■ WHAT YOU HAVE TO DO:
Set down each entry below exactly as written, keeping the pictures out.

■ ENTRIES SUPPLIED:
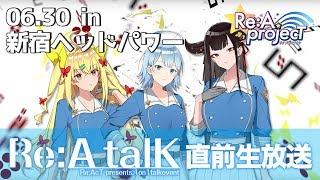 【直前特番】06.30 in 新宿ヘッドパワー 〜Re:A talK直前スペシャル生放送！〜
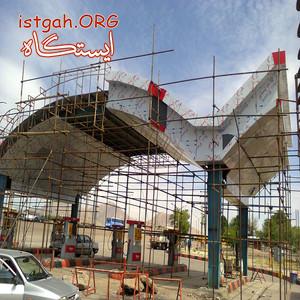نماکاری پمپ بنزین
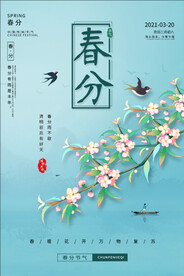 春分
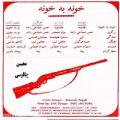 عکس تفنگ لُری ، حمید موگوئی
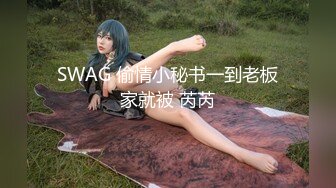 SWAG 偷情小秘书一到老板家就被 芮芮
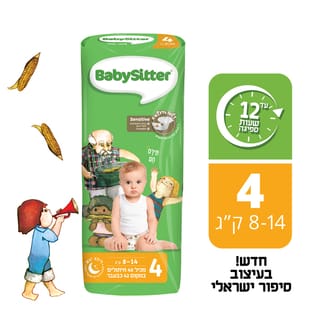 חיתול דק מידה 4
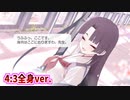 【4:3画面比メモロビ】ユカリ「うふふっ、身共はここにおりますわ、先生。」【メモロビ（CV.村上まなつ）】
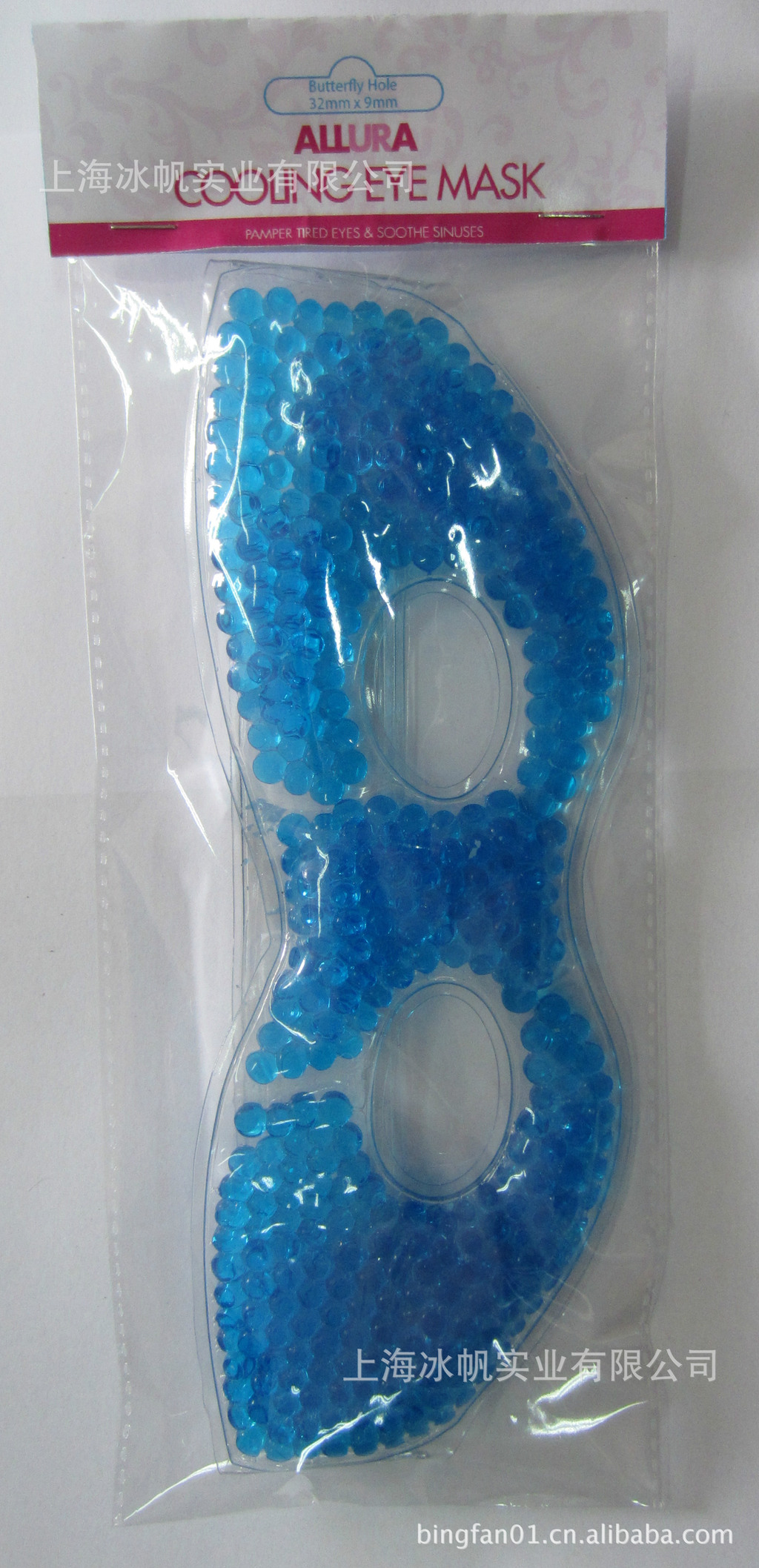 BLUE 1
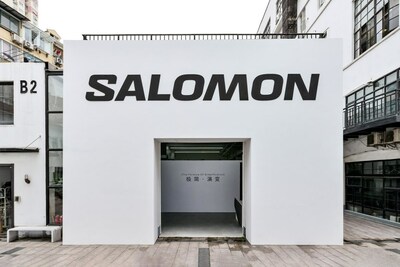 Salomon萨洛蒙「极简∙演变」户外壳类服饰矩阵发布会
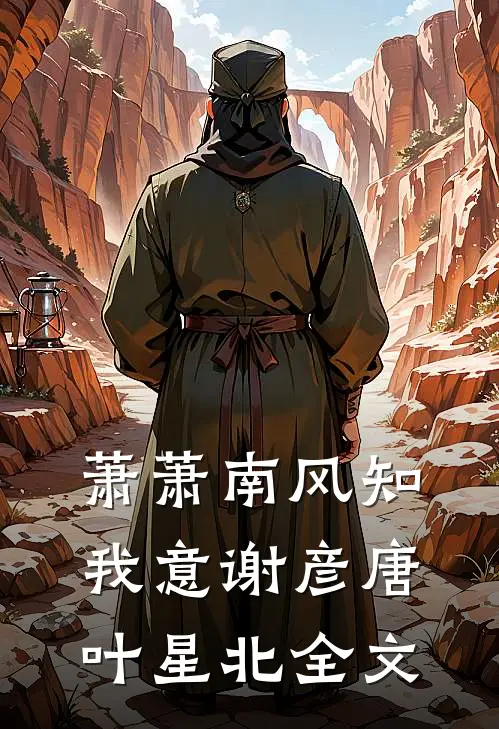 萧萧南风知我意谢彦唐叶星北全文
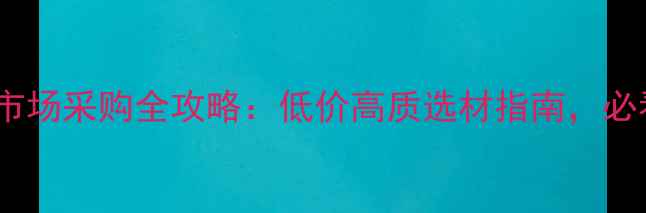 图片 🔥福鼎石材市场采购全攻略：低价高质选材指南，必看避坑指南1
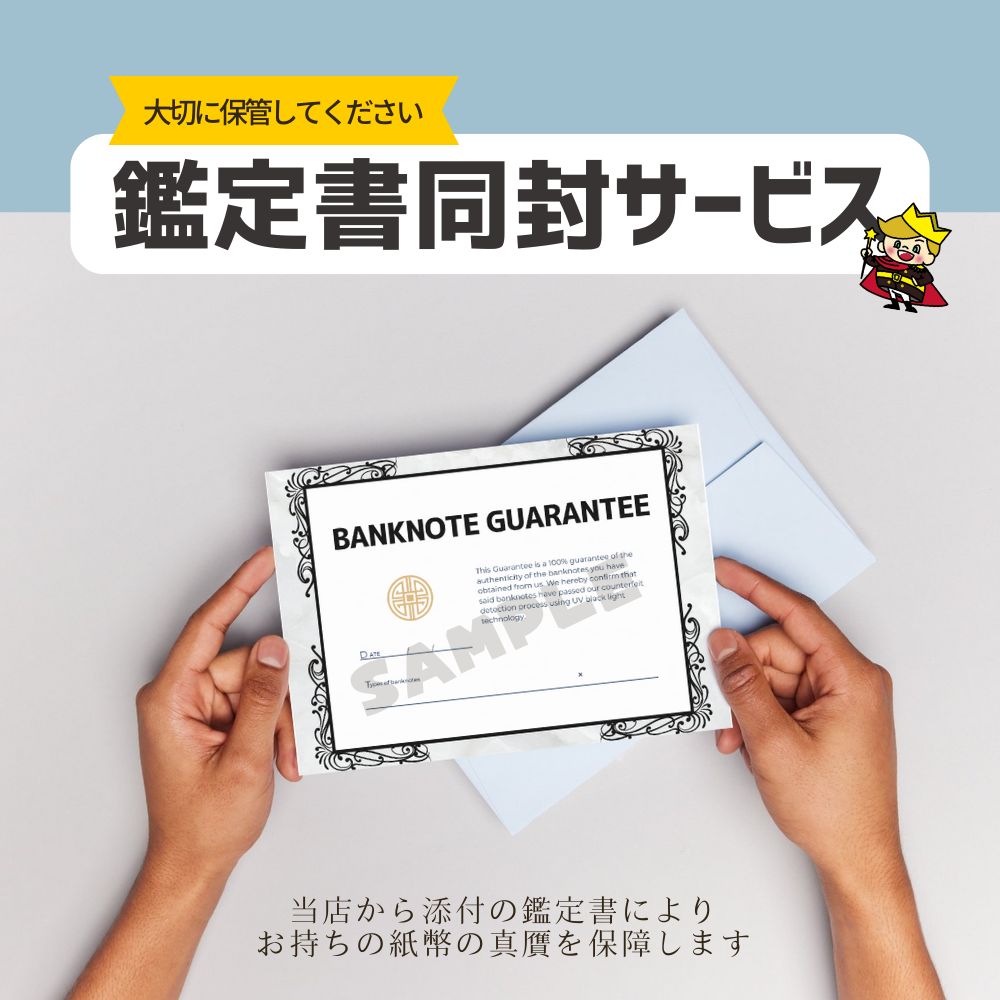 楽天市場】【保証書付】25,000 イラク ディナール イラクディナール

■ YOUR SOLUTION:
 【直前特番】06.30 in 新宿ヘッドパワー 〜Re:A talK直前スペシャル生放送！〜
نماکاری پمپ بنزین
 春分
 عکس تفنگ لُری ، حمید موگوئی
 SWAG 偷情小秘书一到老板家就被 芮芮
 חיתול דק מידה 4
 【4:3画面比メモロビ】ユカリ「うふふっ、身共はここにおりますわ、先生。」【メモロビ（CV.村上まなつ）】
 BLUE 1
 Salomon萨洛蒙「极简∙演变」户外壳类服饰矩阵发布会
 萧萧南风知我意谢彦唐叶星北全文
 图片 🔥福鼎石材市场采购全攻略：低价高质选材指南，必看避坑指南1
 楽天市場】【保証書付】25,000 イラク ディナール イラクディナール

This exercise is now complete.